I'm glad I did. The place was packed.
And I almost missed it. I had just started watching Christopher Guest's Waiting for Guffman -- a mockumentary about community theater in Missouri. I was barely into the film when I remembered. I should not be watching a film about community theater. I should be watching a community theater production.
It was ten minutes until curtain time. Fortunately, this is Mexico, and I had plenty of time to find a seat.
The play appears to expatriate ears as a bit of fluff. A series of Oscar Wilde aphorisms strung together to appreciate his amazing wit.
But, when he wrote it in 1885, the play was somewhat revolutionary. The fact that he made fun of social station, marriage, birth, and the church was not new. W.S. Gilbert had been doing it for three decades.
It was his tone. Wilde's sense of irony treated each of his targets as trivial. That was new. Because his audience members were the very people he was trivializing. It is one thing to be laughed at. It is quite another thing to be told you do not matter.
For obvious reasons, American audiences and current British audiences are enthralled with the piece. Probably because many of them miss the point that Wilde is ultimately trivializing them, as well.
But that is the joy of wit. It works best when its target misses the whole point.
It is easy just to enjoy the aphorisms. And to wait for the next wave of Wilde wit to engulf you. That is what I did. Unlike American television situation comedy where you are merely numbed.
Like all local productions, the quality of performance varied. I expected to see a reading in costume. I got much more -- even though a couple of the actors were tied to their scripts on stage.
I assume you know the storyline. So, I will dispense with a synopsis. But I was very impressed with three of the players.
The actor who played John Worthing (Jerry Eagelbach) helped to bring his rather serious, but deceitful, character to life. It is a tough role. The character represents some of the stiffer personality traits of a Victorian gentleman wrapped in the clothes of tradesman manipulation.
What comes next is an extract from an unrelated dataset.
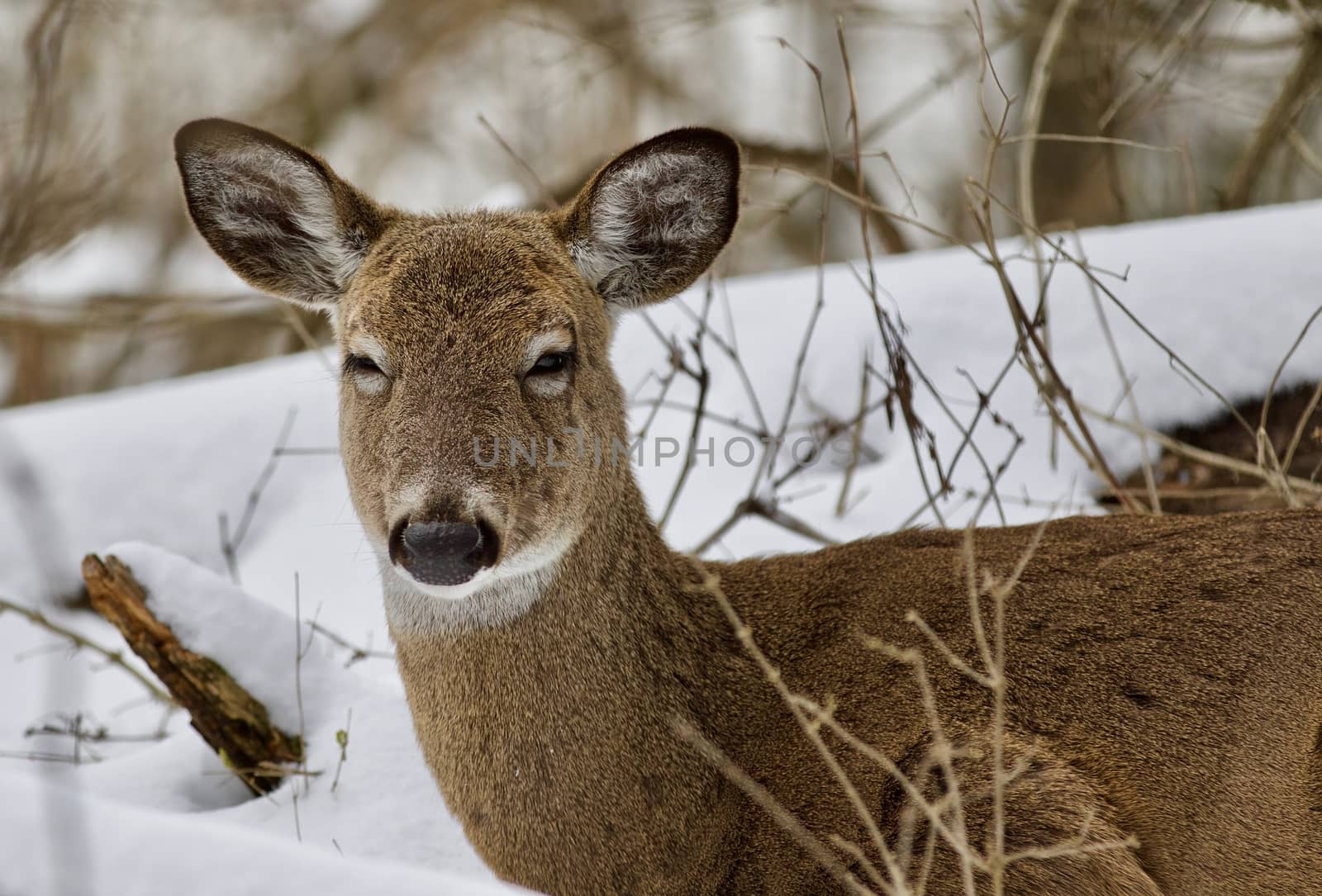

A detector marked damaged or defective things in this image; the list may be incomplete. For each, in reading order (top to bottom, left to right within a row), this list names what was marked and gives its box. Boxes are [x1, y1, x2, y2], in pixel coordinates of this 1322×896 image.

Adela Farah played the 18-year old ingenue, Cecily Cardew. The fact she is Mexican and a bit over 18 did not matter. She added just the right flair of comedy, naivete, and sexuality that brought a whole new interpretation to a part that it too often played as a cartoon figure.
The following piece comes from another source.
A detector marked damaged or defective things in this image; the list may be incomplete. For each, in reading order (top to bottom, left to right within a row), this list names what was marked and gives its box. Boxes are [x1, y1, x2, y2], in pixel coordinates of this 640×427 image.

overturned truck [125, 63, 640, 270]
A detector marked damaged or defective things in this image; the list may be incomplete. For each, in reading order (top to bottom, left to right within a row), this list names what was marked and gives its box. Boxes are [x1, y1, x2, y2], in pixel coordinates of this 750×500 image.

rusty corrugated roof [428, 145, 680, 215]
And then there was Louis. Louis Montonas. You met him (more tidbits) when I first came to Pátzcuaro. It was at his 90th birthday celebration that I learned about the play.
He nabbed the play's best part -- Lady Bracknell. And he was great in drag. Wilde wrote Lady Bracknell as a force of nature. The type of social queen who dominates every room she enters.
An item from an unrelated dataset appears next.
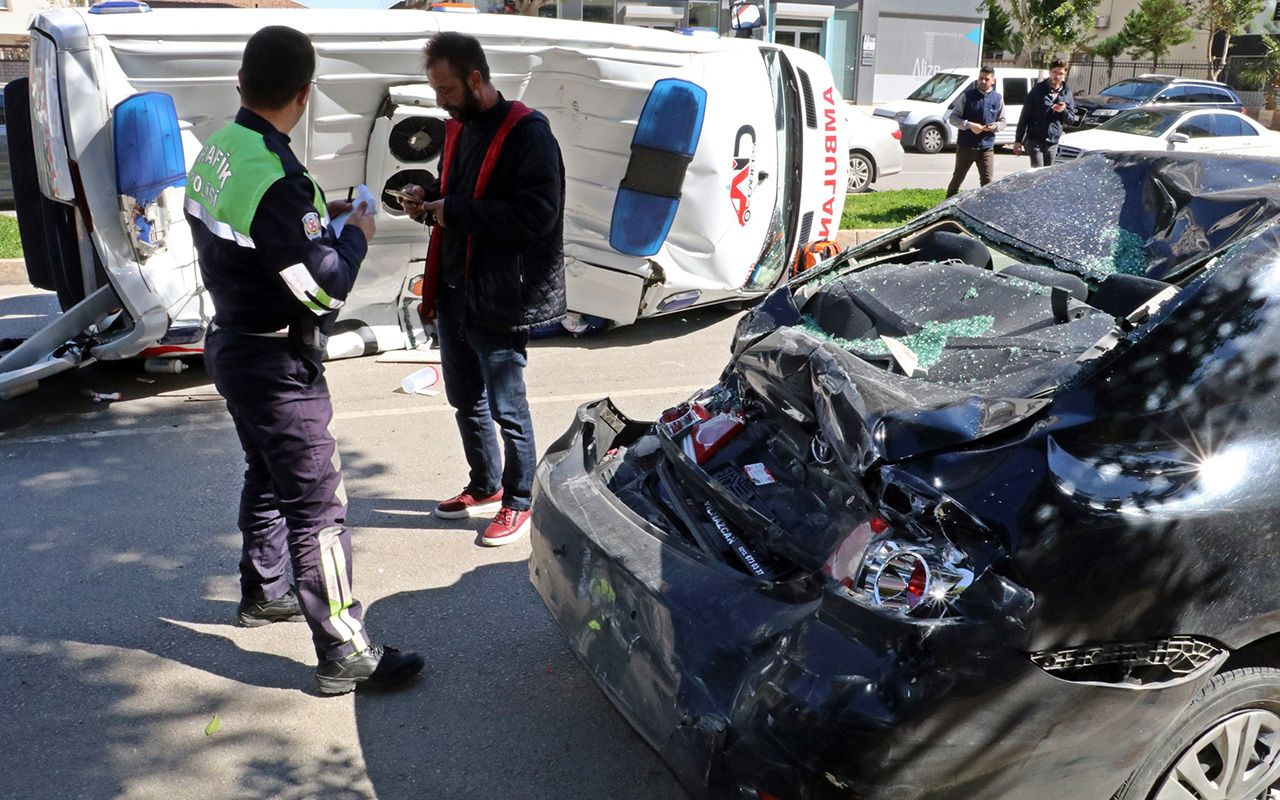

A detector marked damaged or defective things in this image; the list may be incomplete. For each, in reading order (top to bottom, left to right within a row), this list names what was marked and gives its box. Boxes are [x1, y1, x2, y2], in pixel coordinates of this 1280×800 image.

shattered windshield [911, 72, 967, 103]
shattered windshield [1100, 108, 1177, 136]
damaged black car [524, 151, 1280, 798]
It is a tough part. But Louis hit all the right notes. Just the right timing in Wilde's best lines. A sense of outrage more social than internal. The type of socialite who revels in her own ignorance. Dame Edith Evans with an attitude.
Some people dislike the play because of its "artificial" coincidences. I usually offer the excuse that they are artistic artifices. But they are more that. Coincidences happen all the time in life.
I already offered you the Waiting for Guffman example. But that may be steeped in too much irony to prove my point.
Three weeks ago, I was siting in the Grand Plaza eating my corn fungus chicken when two friends from Melaque invited me to a Sunday brunch. The wife in the couple is best friends with her former sister-in-law. And that former sister-in-law is a neighbor of Louis Montanos. It was through that connection I went the 90th birthday brunch. And ended up in room watching a play where I knew quite a few members in the audience.
Coincidence? Maybe. But it is the stuff of which personal; relationships are made.